Taking the data below line by line, count those that include the word "Full" and report the number alone.

*** Recorded information Section Begins ***

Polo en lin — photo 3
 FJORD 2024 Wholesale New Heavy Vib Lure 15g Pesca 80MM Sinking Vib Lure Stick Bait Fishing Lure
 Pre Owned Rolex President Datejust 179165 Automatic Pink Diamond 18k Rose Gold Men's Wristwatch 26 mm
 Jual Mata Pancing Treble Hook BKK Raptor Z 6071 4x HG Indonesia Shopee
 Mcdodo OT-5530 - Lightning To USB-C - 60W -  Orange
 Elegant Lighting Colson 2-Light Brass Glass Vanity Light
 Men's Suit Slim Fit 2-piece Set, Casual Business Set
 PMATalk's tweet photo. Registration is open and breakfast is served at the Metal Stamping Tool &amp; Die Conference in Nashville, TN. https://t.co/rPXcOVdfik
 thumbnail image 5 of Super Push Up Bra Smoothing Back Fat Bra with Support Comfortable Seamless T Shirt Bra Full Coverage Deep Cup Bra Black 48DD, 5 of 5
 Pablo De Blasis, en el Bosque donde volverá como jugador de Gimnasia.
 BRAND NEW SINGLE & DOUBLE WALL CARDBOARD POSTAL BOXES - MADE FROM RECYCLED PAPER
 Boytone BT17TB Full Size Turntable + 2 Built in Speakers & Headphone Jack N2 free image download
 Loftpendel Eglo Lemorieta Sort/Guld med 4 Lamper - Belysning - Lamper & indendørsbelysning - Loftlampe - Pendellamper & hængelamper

*** Recorded information Section Ends ***

Reply
2